Inhibitory effect of sesquiterpene lactones and the sesquiterpene alcohol aromadendrane-4β,10α-diol on memory impairment in a mouse model of Alzheimer.

Alzheimer's disease (AD), a progressive neurodegenerative disorder of the aged brain with no known cause or cures, has become a major medical and social problem for industrialized countries. Cerebral deposition of amyloid-β peptide (Aβ) is a critical feature of AD. The use of medicinal plants as an alternative form of prevention, or even as a possible treatment of AD, is therefore interesting areas of research. Sesquiterpene lactones and a sesquiterpene alcohol are compounds found in H. brasiliense that have several anti-oxidative and anti-inflammatory effects. In the present study, we investigated whether these compounds have neuroprotective effects in an amyloid-β peptide-induced Alzheimer's disease mouse model. Mice were injected with Aβ1-42 peptide intracerebroventricularly and were subsequently injected (i.c.v.) with 1µg/site of IGM-A (15-acetoxy-isogermafurenolide), IGM-H (15-hydroxy-isogermafurenolide), PDA (Podoandin), EHP (1,2-epoxy-10α-hydroxy-podoandin), HDS (13-hydroxy-8,9-dehydroshizukanolide), and ARD (aromadendrane-4β,10α-diol). Seven days after treatments the animals had their memory tested in the inhibitory avoidance. After the behavioral testing of animals the brains were removed and subjected to biochemical tests for oxidative stress.

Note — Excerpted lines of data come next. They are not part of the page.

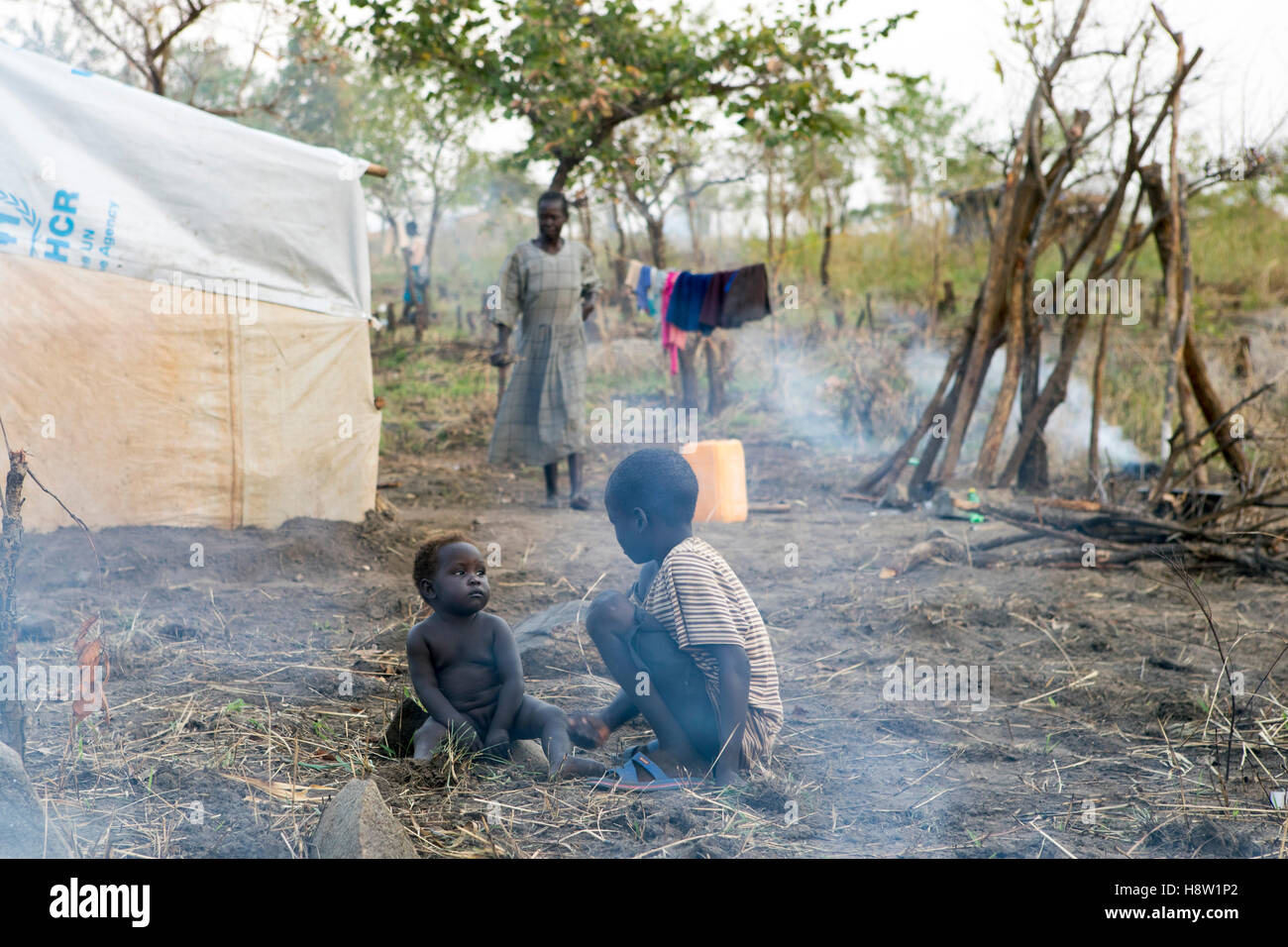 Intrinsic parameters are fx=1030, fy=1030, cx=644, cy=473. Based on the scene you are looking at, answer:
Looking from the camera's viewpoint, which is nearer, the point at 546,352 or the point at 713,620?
the point at 713,620

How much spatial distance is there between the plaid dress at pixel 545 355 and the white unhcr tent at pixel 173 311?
122cm

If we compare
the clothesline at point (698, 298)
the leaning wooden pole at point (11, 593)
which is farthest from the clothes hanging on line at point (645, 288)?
the leaning wooden pole at point (11, 593)

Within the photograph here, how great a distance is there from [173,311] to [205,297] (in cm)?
17

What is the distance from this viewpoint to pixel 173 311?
15.8 ft

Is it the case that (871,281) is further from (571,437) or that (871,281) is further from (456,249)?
→ (456,249)

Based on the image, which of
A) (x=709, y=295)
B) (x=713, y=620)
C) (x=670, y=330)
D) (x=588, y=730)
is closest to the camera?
(x=713, y=620)

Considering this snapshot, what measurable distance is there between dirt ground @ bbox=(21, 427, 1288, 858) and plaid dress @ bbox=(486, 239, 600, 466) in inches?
38.5

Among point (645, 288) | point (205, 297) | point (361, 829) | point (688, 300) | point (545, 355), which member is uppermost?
point (645, 288)

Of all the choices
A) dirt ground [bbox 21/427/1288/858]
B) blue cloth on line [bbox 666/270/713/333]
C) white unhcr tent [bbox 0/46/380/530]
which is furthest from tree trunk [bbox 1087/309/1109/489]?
white unhcr tent [bbox 0/46/380/530]

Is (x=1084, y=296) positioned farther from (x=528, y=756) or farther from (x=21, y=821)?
(x=21, y=821)

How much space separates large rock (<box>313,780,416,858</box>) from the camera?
1.96m

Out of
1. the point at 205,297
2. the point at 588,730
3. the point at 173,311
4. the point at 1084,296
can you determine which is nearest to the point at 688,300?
the point at 1084,296

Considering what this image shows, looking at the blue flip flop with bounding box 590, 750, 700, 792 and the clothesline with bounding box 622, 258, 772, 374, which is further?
the clothesline with bounding box 622, 258, 772, 374

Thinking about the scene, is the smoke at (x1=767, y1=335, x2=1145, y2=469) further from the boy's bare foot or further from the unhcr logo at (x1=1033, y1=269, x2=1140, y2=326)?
the boy's bare foot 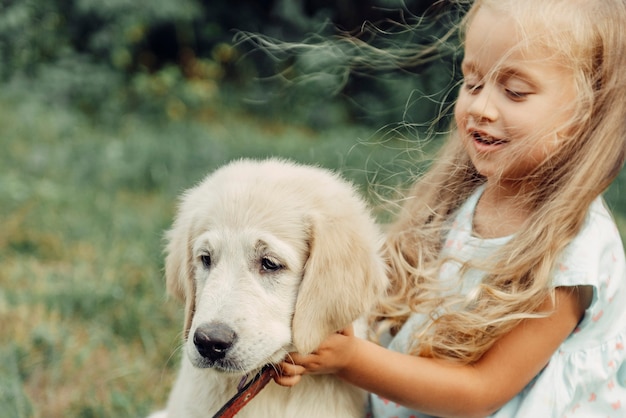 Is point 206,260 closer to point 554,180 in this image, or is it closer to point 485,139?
point 485,139

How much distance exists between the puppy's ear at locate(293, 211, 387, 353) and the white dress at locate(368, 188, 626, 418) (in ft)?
2.29

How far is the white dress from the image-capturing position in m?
2.73

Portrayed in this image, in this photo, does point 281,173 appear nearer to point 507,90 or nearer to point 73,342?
point 507,90

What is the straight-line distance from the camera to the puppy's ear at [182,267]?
106 inches

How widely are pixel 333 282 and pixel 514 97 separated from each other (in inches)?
36.6

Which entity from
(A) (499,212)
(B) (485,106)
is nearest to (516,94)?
(B) (485,106)

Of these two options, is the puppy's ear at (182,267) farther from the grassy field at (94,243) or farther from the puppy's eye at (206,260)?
the grassy field at (94,243)

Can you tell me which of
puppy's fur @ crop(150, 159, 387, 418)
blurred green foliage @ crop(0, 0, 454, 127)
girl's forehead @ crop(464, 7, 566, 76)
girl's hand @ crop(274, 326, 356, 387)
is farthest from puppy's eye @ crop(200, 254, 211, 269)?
blurred green foliage @ crop(0, 0, 454, 127)

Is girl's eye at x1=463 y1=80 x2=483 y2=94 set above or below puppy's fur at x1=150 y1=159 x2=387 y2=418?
above

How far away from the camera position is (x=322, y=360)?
257 centimetres

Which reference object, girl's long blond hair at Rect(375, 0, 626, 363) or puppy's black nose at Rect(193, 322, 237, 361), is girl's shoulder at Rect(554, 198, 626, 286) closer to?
girl's long blond hair at Rect(375, 0, 626, 363)

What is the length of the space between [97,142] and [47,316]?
13.1 feet

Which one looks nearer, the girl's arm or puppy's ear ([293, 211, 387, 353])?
puppy's ear ([293, 211, 387, 353])

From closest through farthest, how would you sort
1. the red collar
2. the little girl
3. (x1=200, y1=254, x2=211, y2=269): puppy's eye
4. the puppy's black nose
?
the puppy's black nose, the red collar, (x1=200, y1=254, x2=211, y2=269): puppy's eye, the little girl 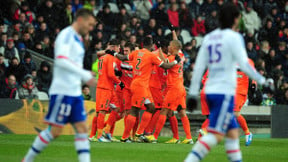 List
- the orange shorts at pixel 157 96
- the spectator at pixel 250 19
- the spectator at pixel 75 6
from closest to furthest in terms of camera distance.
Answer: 1. the orange shorts at pixel 157 96
2. the spectator at pixel 75 6
3. the spectator at pixel 250 19

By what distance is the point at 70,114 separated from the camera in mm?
9141

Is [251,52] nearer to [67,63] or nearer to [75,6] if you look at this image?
[75,6]

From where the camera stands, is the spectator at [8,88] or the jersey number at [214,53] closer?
the jersey number at [214,53]

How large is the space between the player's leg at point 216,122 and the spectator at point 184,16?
18.6 metres

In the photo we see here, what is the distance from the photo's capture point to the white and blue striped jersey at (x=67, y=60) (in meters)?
8.92

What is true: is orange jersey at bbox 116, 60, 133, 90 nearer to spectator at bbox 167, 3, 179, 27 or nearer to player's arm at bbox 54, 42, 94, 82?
player's arm at bbox 54, 42, 94, 82

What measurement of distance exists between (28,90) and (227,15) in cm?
1253

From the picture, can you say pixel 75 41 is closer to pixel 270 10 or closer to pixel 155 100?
pixel 155 100

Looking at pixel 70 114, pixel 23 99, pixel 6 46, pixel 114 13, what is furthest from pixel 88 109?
pixel 70 114

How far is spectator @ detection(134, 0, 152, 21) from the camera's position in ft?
88.7

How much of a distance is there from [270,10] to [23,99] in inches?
540

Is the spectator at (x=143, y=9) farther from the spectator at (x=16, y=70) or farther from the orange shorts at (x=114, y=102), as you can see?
the orange shorts at (x=114, y=102)

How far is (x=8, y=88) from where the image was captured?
20.5 metres

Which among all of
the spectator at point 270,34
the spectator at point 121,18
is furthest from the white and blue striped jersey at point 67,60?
the spectator at point 270,34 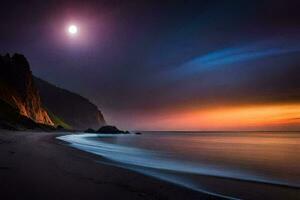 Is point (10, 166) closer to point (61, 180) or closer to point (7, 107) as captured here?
point (61, 180)

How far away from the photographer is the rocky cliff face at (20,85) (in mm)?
122838

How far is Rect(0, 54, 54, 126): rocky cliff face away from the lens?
4836 inches

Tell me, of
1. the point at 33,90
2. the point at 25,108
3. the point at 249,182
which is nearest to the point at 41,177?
the point at 249,182

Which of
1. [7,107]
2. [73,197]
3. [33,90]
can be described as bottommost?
[73,197]

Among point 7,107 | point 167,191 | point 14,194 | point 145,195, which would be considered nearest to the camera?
point 14,194

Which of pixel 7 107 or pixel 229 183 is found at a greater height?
pixel 7 107

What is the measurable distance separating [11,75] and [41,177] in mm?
135650

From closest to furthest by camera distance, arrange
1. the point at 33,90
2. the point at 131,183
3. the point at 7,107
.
A: the point at 131,183
the point at 7,107
the point at 33,90

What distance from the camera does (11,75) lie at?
429 feet

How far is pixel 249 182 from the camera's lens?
1366 centimetres

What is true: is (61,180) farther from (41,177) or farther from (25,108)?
(25,108)

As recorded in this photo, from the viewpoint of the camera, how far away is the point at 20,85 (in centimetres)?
13050

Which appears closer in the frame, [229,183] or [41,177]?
[41,177]

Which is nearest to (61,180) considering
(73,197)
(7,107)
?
(73,197) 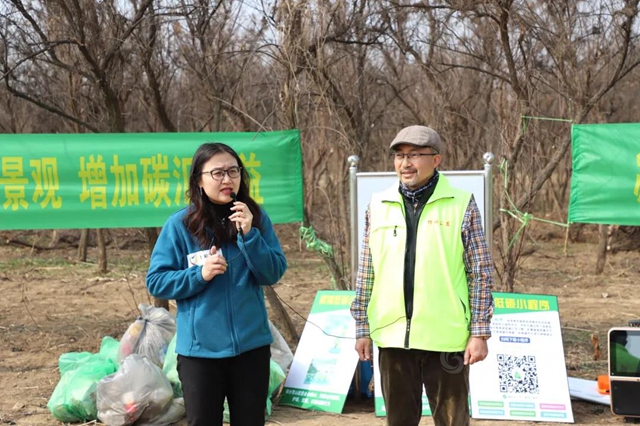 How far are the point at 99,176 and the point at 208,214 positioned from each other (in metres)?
3.15

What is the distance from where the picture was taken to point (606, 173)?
19.2 feet

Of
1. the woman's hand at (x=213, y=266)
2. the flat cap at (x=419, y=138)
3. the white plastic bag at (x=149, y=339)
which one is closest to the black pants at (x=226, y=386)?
the woman's hand at (x=213, y=266)

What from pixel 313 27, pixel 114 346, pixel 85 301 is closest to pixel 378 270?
pixel 114 346

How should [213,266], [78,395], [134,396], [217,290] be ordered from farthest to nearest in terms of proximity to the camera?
1. [78,395]
2. [134,396]
3. [217,290]
4. [213,266]

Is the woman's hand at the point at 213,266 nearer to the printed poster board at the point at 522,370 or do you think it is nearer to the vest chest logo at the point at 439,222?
the vest chest logo at the point at 439,222

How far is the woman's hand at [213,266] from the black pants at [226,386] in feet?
1.11

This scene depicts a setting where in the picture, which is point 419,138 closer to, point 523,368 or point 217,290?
point 217,290

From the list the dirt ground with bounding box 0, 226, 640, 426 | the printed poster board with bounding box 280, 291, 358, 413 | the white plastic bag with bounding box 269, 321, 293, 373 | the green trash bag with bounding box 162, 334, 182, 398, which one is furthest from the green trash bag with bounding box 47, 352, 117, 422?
the printed poster board with bounding box 280, 291, 358, 413

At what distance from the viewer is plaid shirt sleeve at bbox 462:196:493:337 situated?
308cm

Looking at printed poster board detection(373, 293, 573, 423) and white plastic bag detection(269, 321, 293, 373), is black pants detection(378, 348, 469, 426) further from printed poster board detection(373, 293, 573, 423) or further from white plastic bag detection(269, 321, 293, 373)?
white plastic bag detection(269, 321, 293, 373)

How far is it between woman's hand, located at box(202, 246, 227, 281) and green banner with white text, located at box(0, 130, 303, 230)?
10.0ft

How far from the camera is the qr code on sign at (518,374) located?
4.86 metres

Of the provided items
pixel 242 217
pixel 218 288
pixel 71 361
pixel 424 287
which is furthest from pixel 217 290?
pixel 71 361

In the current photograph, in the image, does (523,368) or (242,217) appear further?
(523,368) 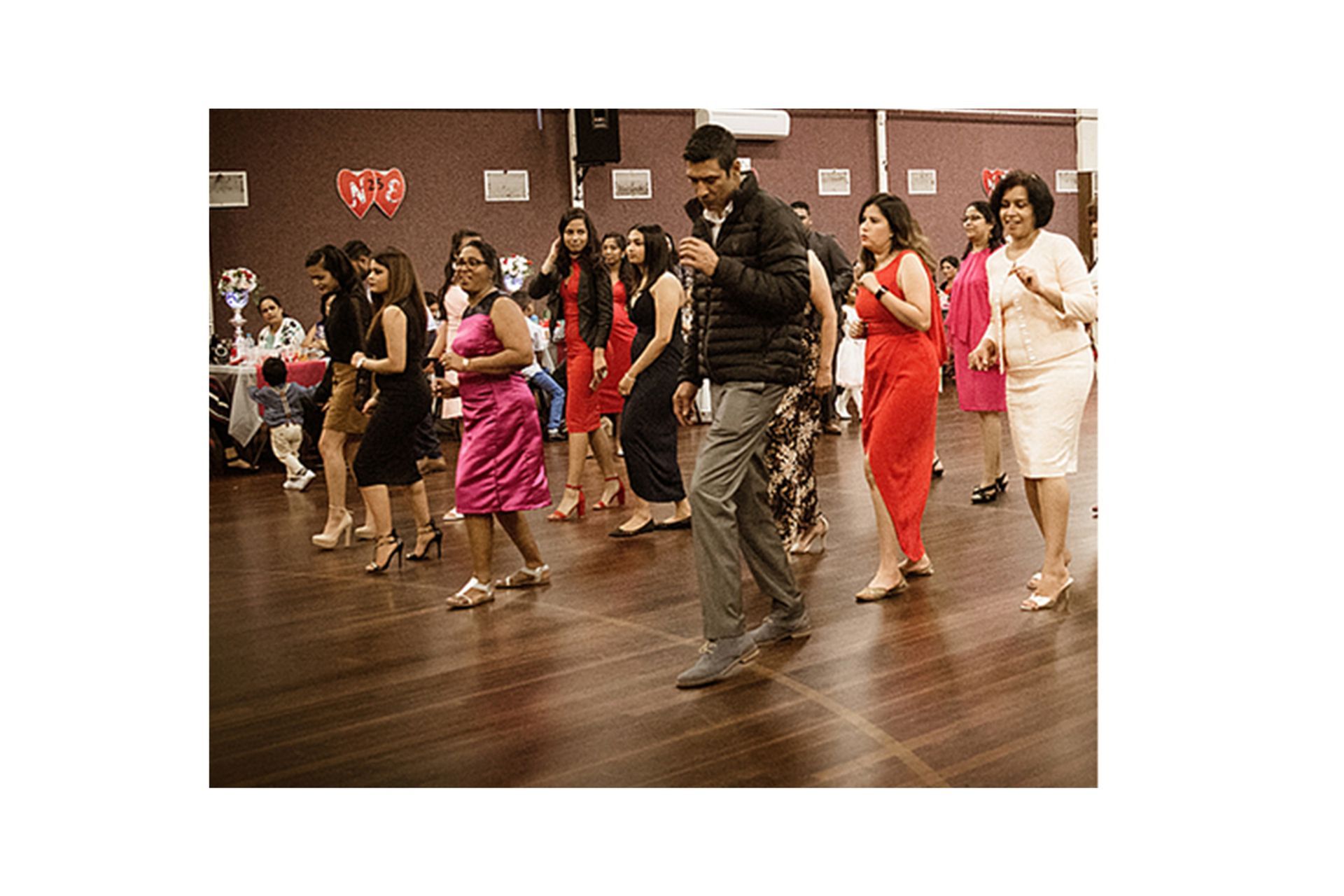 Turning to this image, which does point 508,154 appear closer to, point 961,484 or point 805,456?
point 805,456

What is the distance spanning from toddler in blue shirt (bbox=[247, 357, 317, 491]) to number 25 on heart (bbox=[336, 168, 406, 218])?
3.09ft

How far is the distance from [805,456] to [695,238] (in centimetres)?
163

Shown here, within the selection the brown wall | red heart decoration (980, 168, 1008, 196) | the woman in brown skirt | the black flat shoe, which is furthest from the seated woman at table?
red heart decoration (980, 168, 1008, 196)

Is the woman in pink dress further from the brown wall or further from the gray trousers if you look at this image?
the gray trousers

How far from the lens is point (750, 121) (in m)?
5.45

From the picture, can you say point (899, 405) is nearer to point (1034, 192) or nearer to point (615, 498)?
point (1034, 192)

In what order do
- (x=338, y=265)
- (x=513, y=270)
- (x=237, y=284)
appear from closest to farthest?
(x=338, y=265) → (x=513, y=270) → (x=237, y=284)

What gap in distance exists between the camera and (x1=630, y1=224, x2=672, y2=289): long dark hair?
16.7ft

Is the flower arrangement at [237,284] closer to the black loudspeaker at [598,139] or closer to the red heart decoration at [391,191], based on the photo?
the red heart decoration at [391,191]

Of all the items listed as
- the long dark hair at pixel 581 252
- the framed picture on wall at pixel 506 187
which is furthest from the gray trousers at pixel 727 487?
the framed picture on wall at pixel 506 187

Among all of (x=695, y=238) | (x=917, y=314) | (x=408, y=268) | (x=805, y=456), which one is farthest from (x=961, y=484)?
(x=695, y=238)

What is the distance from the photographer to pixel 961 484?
643cm

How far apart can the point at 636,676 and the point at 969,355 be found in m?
2.91

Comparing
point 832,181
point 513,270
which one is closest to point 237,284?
point 513,270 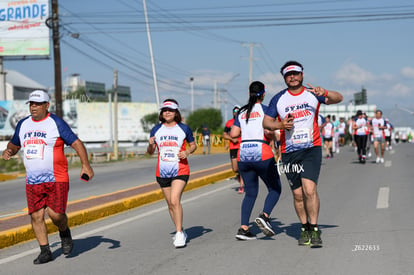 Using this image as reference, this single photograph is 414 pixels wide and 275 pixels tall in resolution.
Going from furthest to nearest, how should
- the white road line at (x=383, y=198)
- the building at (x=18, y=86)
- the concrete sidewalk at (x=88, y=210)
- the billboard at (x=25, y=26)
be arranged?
the building at (x=18, y=86)
the billboard at (x=25, y=26)
the white road line at (x=383, y=198)
the concrete sidewalk at (x=88, y=210)

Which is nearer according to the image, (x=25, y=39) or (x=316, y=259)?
(x=316, y=259)

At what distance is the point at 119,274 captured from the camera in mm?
5918

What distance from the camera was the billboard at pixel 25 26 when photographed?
174 feet

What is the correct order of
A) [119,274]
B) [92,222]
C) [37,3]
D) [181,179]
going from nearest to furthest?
1. [119,274]
2. [181,179]
3. [92,222]
4. [37,3]

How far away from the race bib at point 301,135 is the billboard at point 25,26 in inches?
1938

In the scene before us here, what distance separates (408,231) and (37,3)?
49.8m

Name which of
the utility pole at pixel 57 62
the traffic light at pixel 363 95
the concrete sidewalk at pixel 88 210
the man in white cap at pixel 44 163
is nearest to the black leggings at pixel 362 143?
the concrete sidewalk at pixel 88 210

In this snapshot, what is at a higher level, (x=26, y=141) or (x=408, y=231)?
(x=26, y=141)

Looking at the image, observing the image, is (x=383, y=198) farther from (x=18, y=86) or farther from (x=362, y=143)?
(x=18, y=86)

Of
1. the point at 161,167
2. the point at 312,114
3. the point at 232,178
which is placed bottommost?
the point at 232,178

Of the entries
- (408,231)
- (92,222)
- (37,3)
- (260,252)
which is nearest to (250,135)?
(260,252)

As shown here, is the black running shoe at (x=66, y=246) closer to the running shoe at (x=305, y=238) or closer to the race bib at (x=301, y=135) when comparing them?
the running shoe at (x=305, y=238)

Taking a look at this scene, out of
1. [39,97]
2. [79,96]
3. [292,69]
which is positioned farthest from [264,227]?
[79,96]

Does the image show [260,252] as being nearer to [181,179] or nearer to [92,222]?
[181,179]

The results showed that ARD, HDS and PDA significantly ameliorated the Aβ1-42 peptide-induced memory impairment in the passive avoidance task (P<0.05). In addition, GSH activity was increased while the TBARS levels were decreased by treatment with these compounds. These results suggest that these compounds inhibit the cognitive deficit of animals induced peptide amyloid and may be potential candidates for Alzheimer's disease therapy.